Nordic walking is a fun and easy total-body workout: essentially, it’s just walking with poles. Whether newbie trekkers, expert hikers or somewhere in between, your guest are sure to find a trail that suits their needs. Check out this article for hiking tips and sample itineraries.

Horseback riding

Explore Europe’s last great wilderness on horseback. Guided rides are widely available throughout Finland, and the country’s many windswept beaches, vast grasslands and thick forests make it the perfect place for an equine trek – travellers might even see the Northern Lights!

Horseback riding tours are offered throughout the country.
Credits: Olli Oilinki


Hop on the saddle and explore Finland on two wheels. Whether downhill biking, mountain biking or fat-biking, travellers will find tons of trails and tours available to cyclists of all levels. A few worth mentioning are the Saimaa Archipelago Route, the Archipelago Trail and Iso-Syöte Bike Park. And don’t forget about Finnish cities – many offer free bike or e-bike rentals.

Take a guided tour on two wheels.
Credits : Juho Kuva
Finns ride bicycles all year - including fat-bikes, which popular for traversing snowy terrain.
Credits: Mikko Nikkinen


Golf is widely available in Finland – in fact, there are almost 200 courses!

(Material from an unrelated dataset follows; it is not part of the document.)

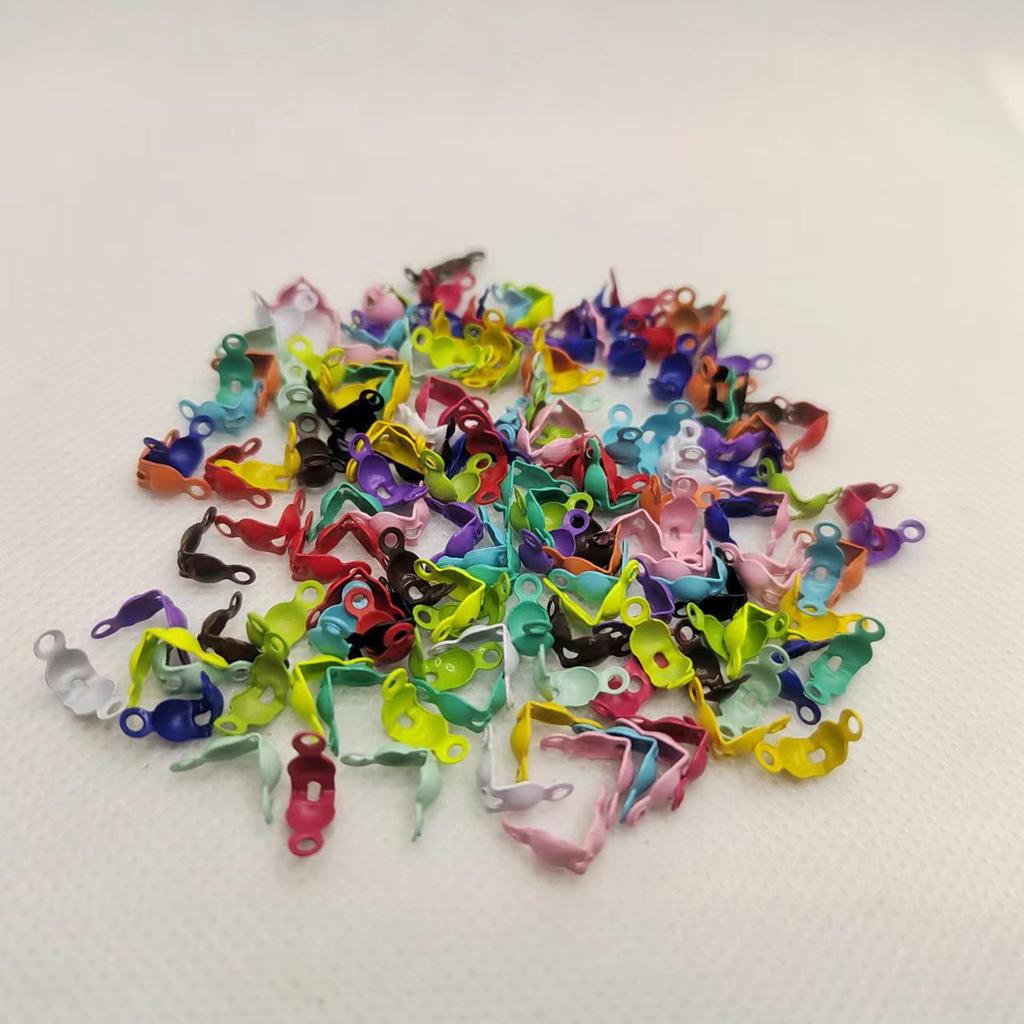 5000 Stück Kordelstopper mit zwei Löchern für DIY Schmuck Positionierungsperlen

The Helsinki region has the biggest concentration, but the Lakeland and Coast and Archipelago regions are also dotted with numerous spots to tee off, including some that offer winter hours or tournaments under the Midnight Sun. Many of the bigger ski resorts in Lakeland and Lapland also have their own 18-hole courses.

Finland has hundreds of golf courses; some are even open during winter.
Credits: Heidi Ikonen

Foraging and outdoor cooking

Fresh air, clean water and fertile soil make for delicious produce. And thanks to Finnish Everyman’s Rights, both visitors and locals alike are free to feast on it. One popular way to do so is by heading into the woods to forage. From juicy bilberries to tasty chantarelles, Finland’s bounty tastes best fresh off the bush, tree or root. The best part about foraging is eating, and the best way to do it is al fresco. In Finland, most of the country’s 40 national parks include designated campfire sites where visitors can whip up a meal over an open fire.

During the summer, bilberries are prevalent in Finnish forests. Make sure to try a slice of fresh bilberry pie!
Credits : Harri Tarvainen / North Karelia
Foraging is a tasty way to get your hands on delicious Finnish produce.
Credits: Elina Manninen / Keksit
Credits: Ilona Savola

ATV driving

Driving an ATV (or quad bike) is a fun, thrilling way to explore Finland’s varied terrain. Your group will see the wilderness in a whole new way as they navigate through fields and forests. Lapland is one popular spot to drive – especially underneath the Northern Lights or Midnight Sun – but many areas of Finland offer these exciting excursions.

Credits: Himoslomat


From fly to ice, river to lake, Finland is a fisherman’s paradise. That’s because the country not only has the world’s largest archipelago, it’s also the land of thousand lakes and has plenty of crystal-clear rivers, creeks and streams full of species like trout, perch, pike and salmon. Guided and fully equipped fishing tours are widely available – travellers can simply grab a rod and cast away!

With more than 180,000 lakes, it's no wonder Finland is a beloved place to cast a line.
Credits: Julia Kivelä

Northern Lights hunting

Being so far north has its benefits: the Aurora Borealis is visible in Finnish Lapland roughly 200 nights a year. And while many associate nature’s most spectacular light show with winter, the most active seasons are actually autumn and spring – all that’s necessary are clear skies, the great outdoors and a bit of luck. Looking for something more luxurious? Book a glass hut so guests can watch the Northern Lights from bed.

Whether you hike into the wilderness or watch them from bed, the Northern Lights are truly nature's most spectacular light show.